How do you think your neighbor would react? Would they loan you their hose? Chances are they would probably say something in the vein of “Go to hell!” and slam the door. How would you feel if your neighbor spoke to you like that?
Now imagine this scenario #2. You walk over to your neighbor’s house with a tray of cookies. You ring the doorbell and they answer. You welcome them to the neighborhood and give them the cookies. You ask politely if you can borrow the hose and ask if you can help water their lawn as well.
How would the neighbor react in this scenario? It’s not a guarantee they would loan you the hose but they would certainly be more inclined to do so.
This might seem like a silly illustration. You may be think no normal person would act out the first scenario. Unfortunately, I feel like social media has created a firestorm of the first scenario. It is disheartening to read and hear people on all sides of a debate try to sway others with such antagonistic words. Anyone that disagrees with you is now an enemy. We live in a world full of ad hominem attacks. People are throwing around the words like “fear” and “hate.” Using the words in hyperbole is only diminishing their true meaning. My real fear is that we have forgotten how to have actual dialogue and genuinely care about people.
What happened to the idea of “treat others the way you would want to be treated?” Let’s also stop this “well, they started it first,” blame game as well. If our leaders aren’t setting the example, then we, the people, need to rise up and start bringing back a movement of love and civility.
I’m going to let you in on a secret. No two people will ever agree on everything 100% of the time. If that were the standard to liking others, none of us would have any friends left.
We don’t even have to apply this to politics. Whether in relationships, in family, at work, at school and in our daily lives, we express opinions and ideas that differ with those around us. If you truly want to convince people that your way is the better one or that your opinion should count, try a positive approach instead.
#1 Compliment the other person.
Someone is going to be more likely to hear what your have to say if you start with something positive. No one wants to be attacked and insulted. Affirm the other person when they say or do something you agree with.
#2 Find common ground
Instead of highlighting all the differences in your opinion with someone, try to find areas you both care about. The reason people are so passionate about their opinions is because they care. Tell people you appreciate that they care so much. Most people care about family, friends, having a good job, vacations and living a good life. In our daily lives, we share more in common with one another than we realize.
#3 Encourage someone who has changed their mind
If your whole goal is to try and change someone’s mind, then you need to believe they can do this. I feel like people aren’t given the room to change their mind when they are wrong. There’s this atmosphere of thinking once someone is wrong about something, they will always be wrong about something. Then when someone does change their mind or apologize, people don’t believe it is genuine or they are accused of flip-flopping.
I was once guilty of being skeptical about mental health issues and questioned the need to put so much money into addressing those issues.

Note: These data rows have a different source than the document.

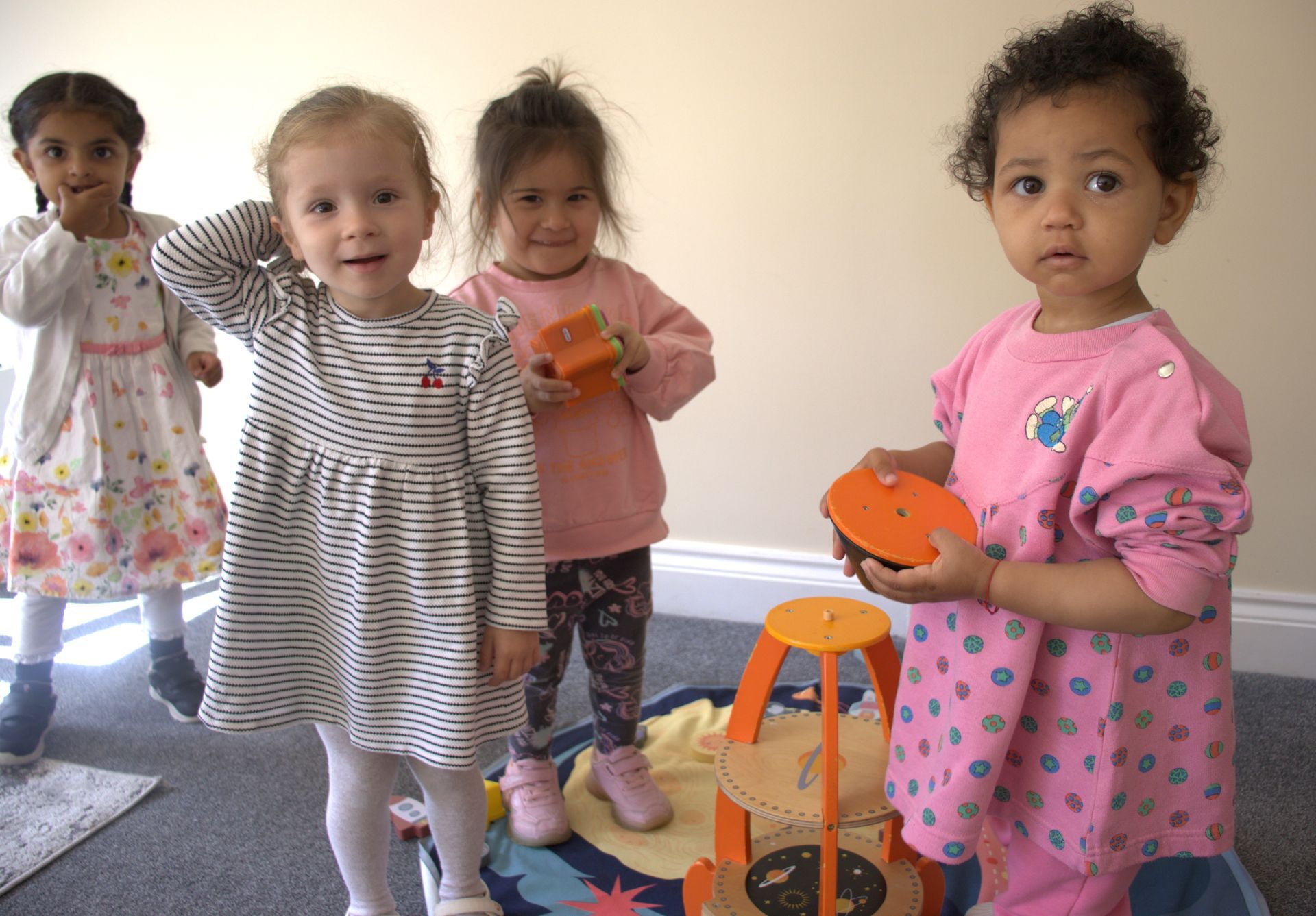 A group of young girls are standing next to each other in a room holding toys. Gingerbread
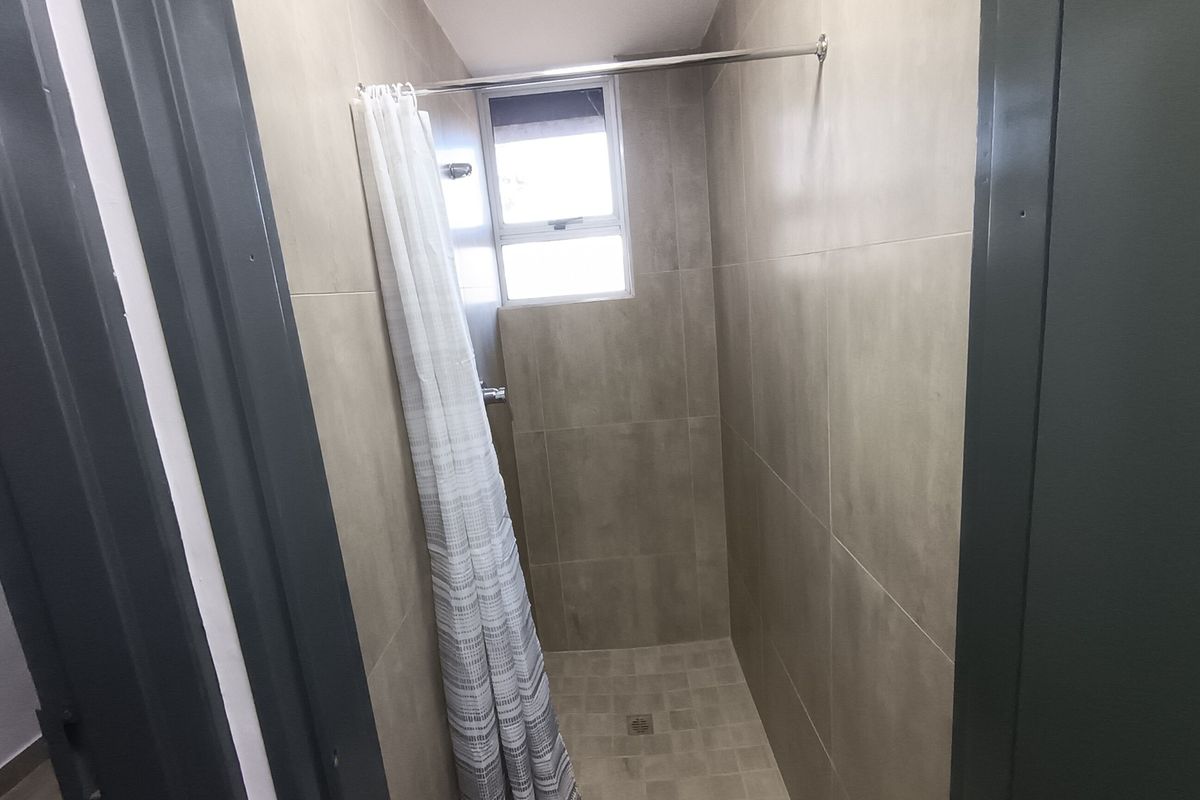 A functional shower stall featuring neutral wall tiling, a built-in shower head, and a window for natural light.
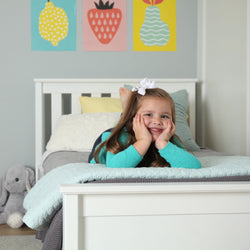 Smiling young girl lying on a white bed in a pastel kids' bedroom with fruit wall art, mint quilt and gray stuffed bunny.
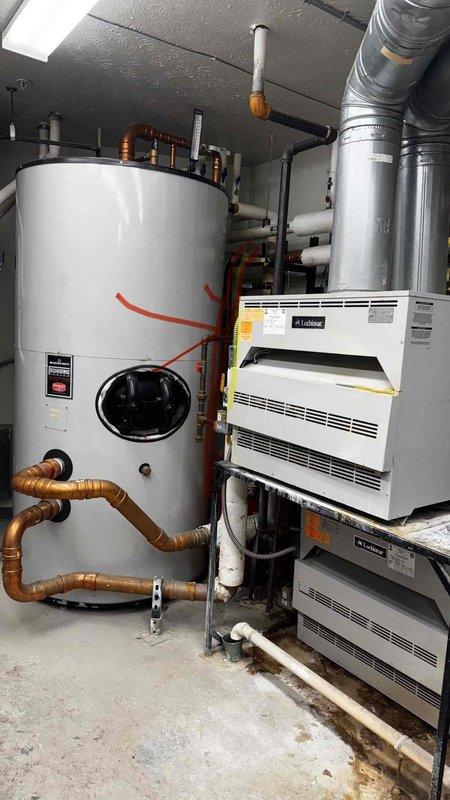 Completed service call to replace mixing valve on boiler system. Accessed mechanical room containing water heater tank and dual HVAC units to perform the necessary replacement. System functioning properly after service.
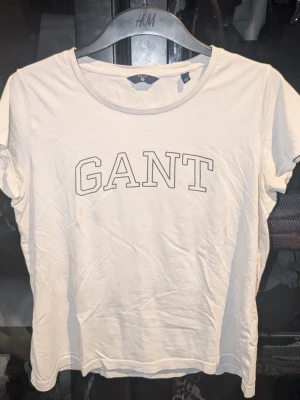 Vit kortärmad t-shirt från GANT - Säljer en vit t-shirt från GANT med klassisk rund hals och tryckt logga framtill. T-shirten är kortärmad och gjord i mjuk bomull, perfekt för en clean och enkel stil. Inga synliga fläckar eller defekter. Skapa en bundle för bättre pris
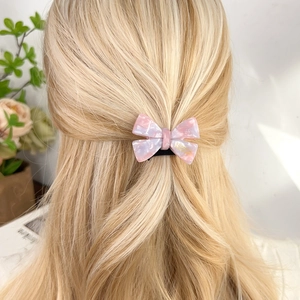Pink marble pattern acetate bow hair tie with elegant gold logo on blonde hair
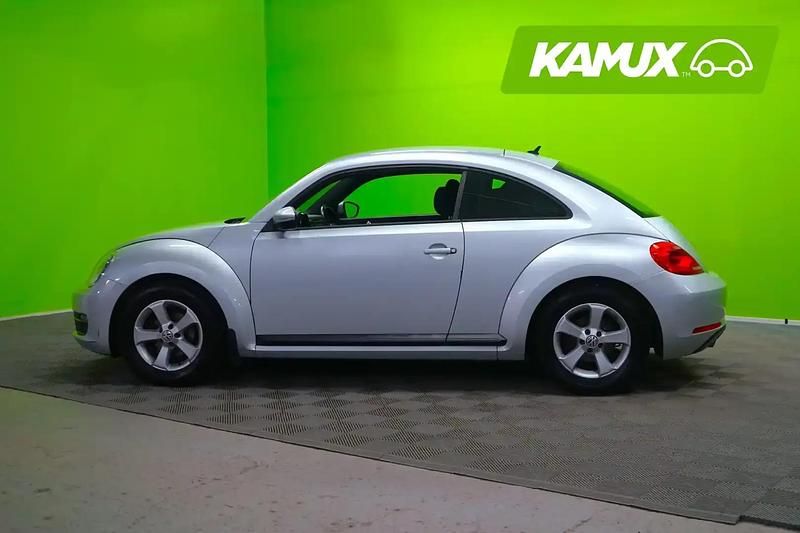 Käytetty VW Beetle 105 HP (77 kW) 2012 Hopea / harmaa Sedan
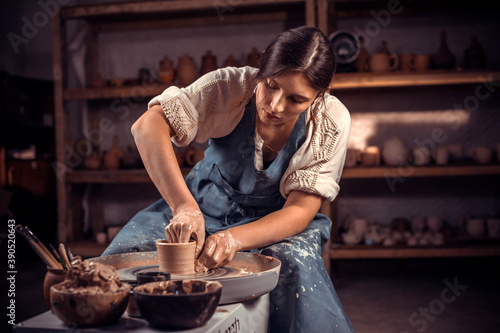 Charming craftsman works with clay on a potter's wheel. The concept of craft creativity. photo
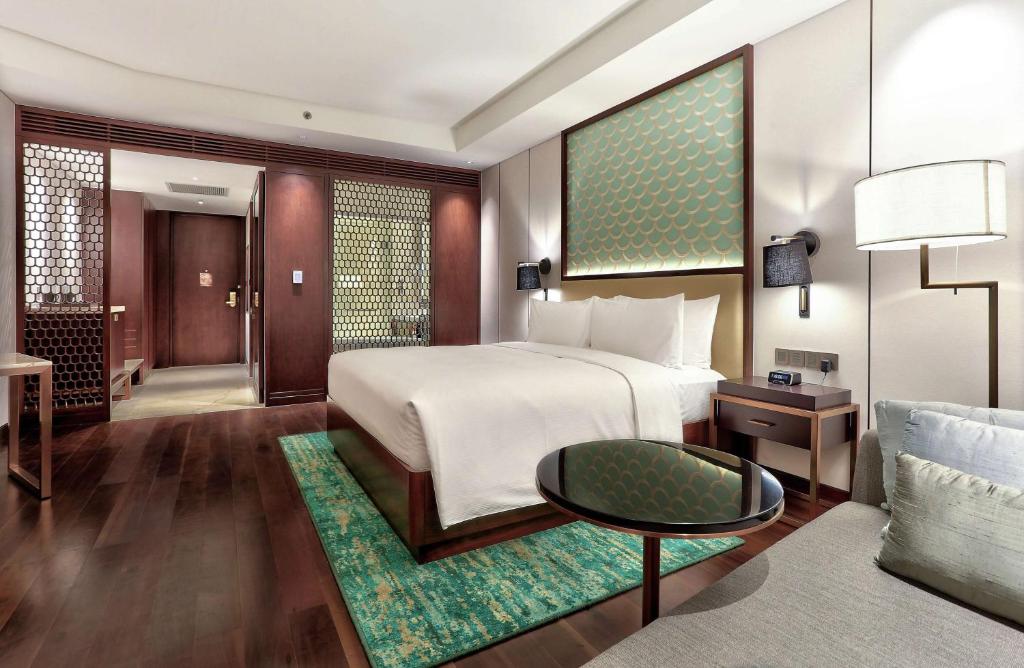 Postel nebo postele na pokoji v ubytování Hilton Da Nang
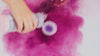 childs hand shaking purple bath sprinkles into water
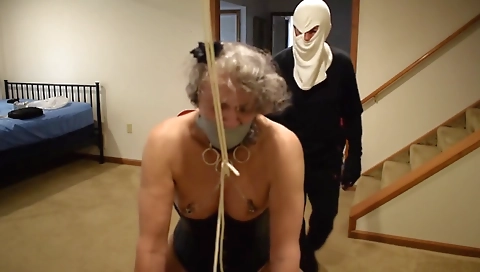 Mature woman with a dildo fucks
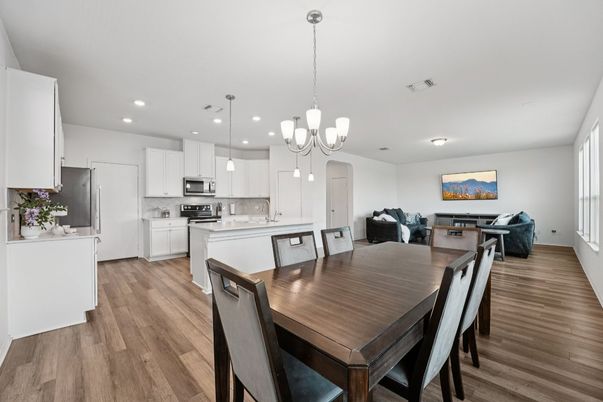 Chandelier, Dining room, Interior, Kitchen, Living room, Pendant Lights, Recessed Lighting, Stainless Steel Appliances, Wood Texture Flooring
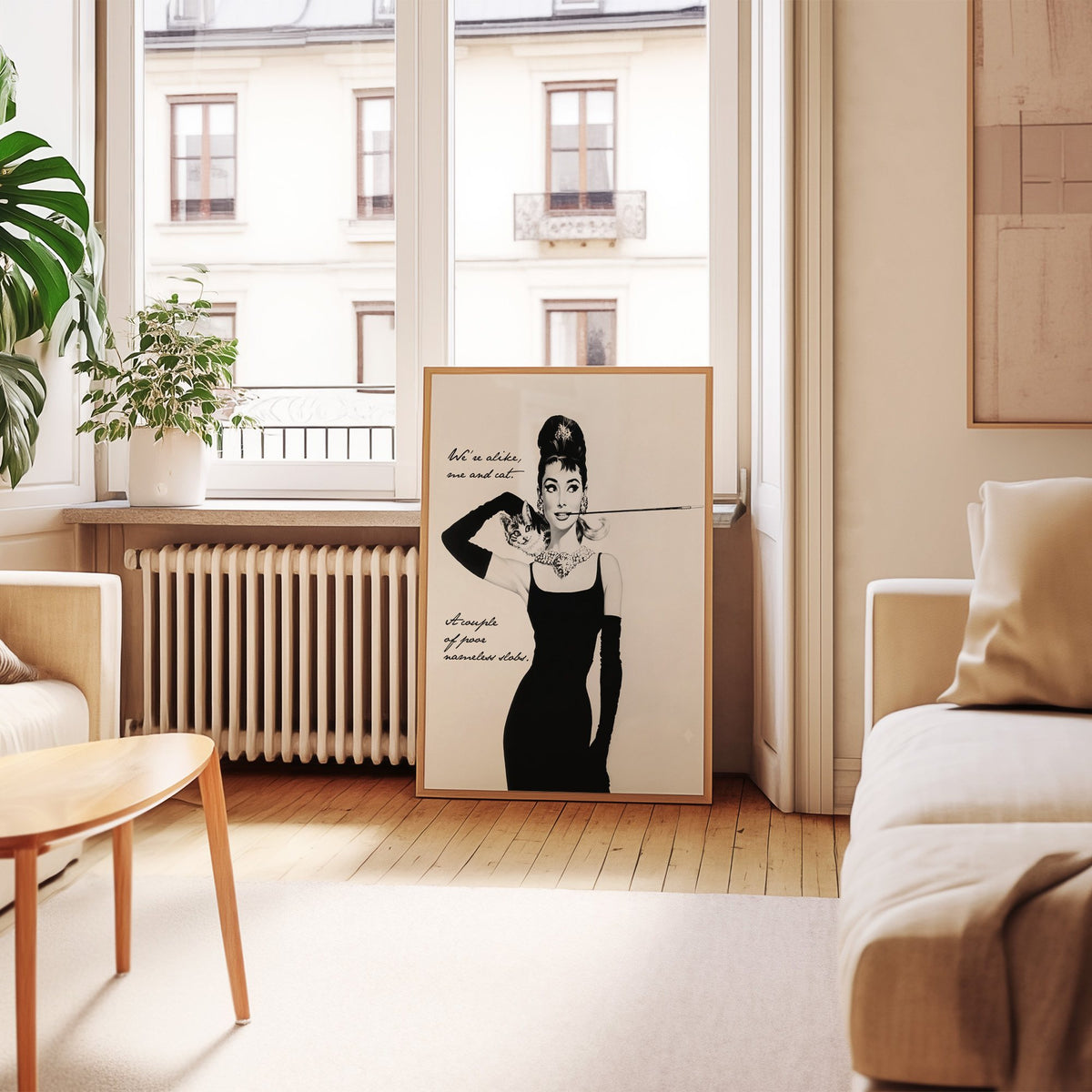 Woman in black dress with kitten and handwritten quote print in an oak frame leaning by a French window in a living room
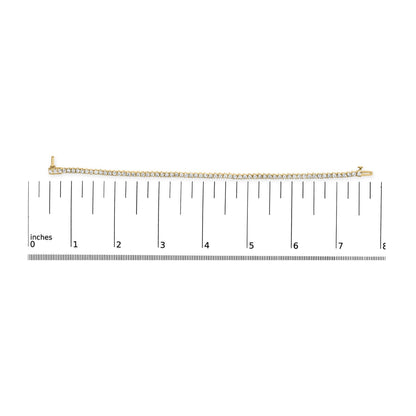 Yellow metal bracelet with prong-set round white gemstones, laid flat on ruler for size reference, top-down angle.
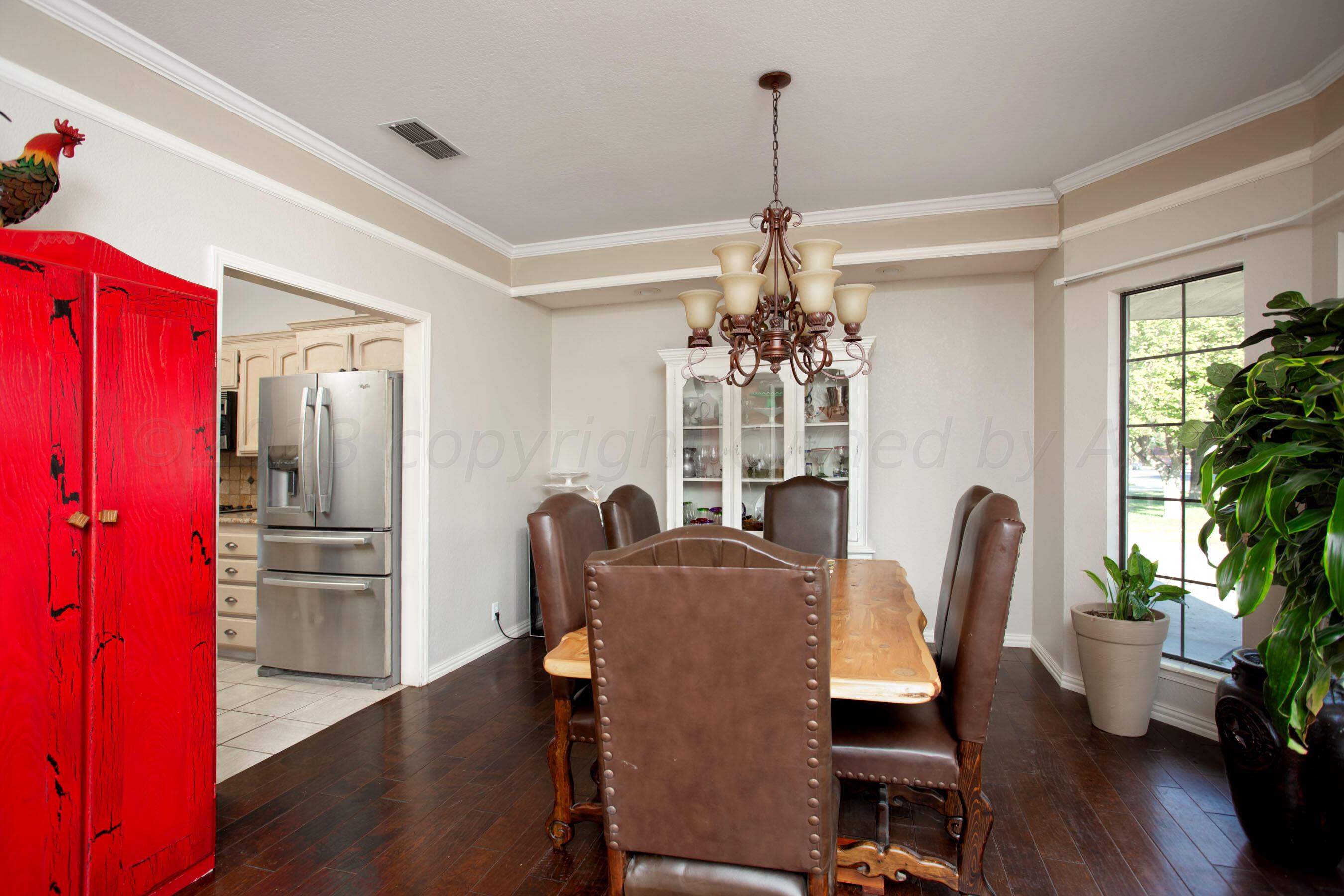 7301 Smoketree Drive Amarillo, TX 79124 - Photo 12 of 37 a view of a dining room with furniture window and wooden floor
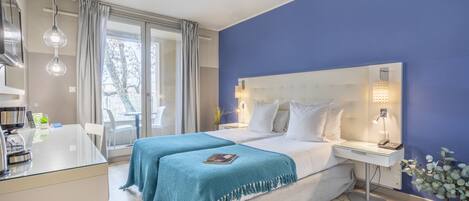Habitación de hotel moderna con una cama grande, una mesita de noche con lámpara, un escritorio pequeño con teléfono, una mesa de vidrio con cafetera y vistas al exterior a través de amplios ventanales.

Then I had my own battle with depression and discovered many friends dealing with mental health challenges who couldn’t afford to pay for those services. I became much more educated about the complexity of mental health care and now I’m a huge proponent of mental health awareness. That was the main catalyst in starting this blog. If people judged me on my initial thoughts on mental health, then they would probably disqualify me from talking about it. However, what I say about mental health is more powerful because I had a change of heart.
# 4 Consider people’s feelings
One thing humans have in common is that we all have feelings. When you talk with someone you disagree with, think about how you would feel if they said the same thing to you. It seems obvious but sometimes we need this simple reminder. Better yet, ask someone how they are doing. Maybe they are going through a rough time or have a major event coming up. They may just need a listening ear at that moment and if you provide that, they are going to be more likely to listen to you.
Hating your so-called “enemies” will get you nowhere but loving them gives you a shot of actually making a difference. We all need to do our part to foster a better environment for healthy discussion and debate so we can create a better world today and for future generations.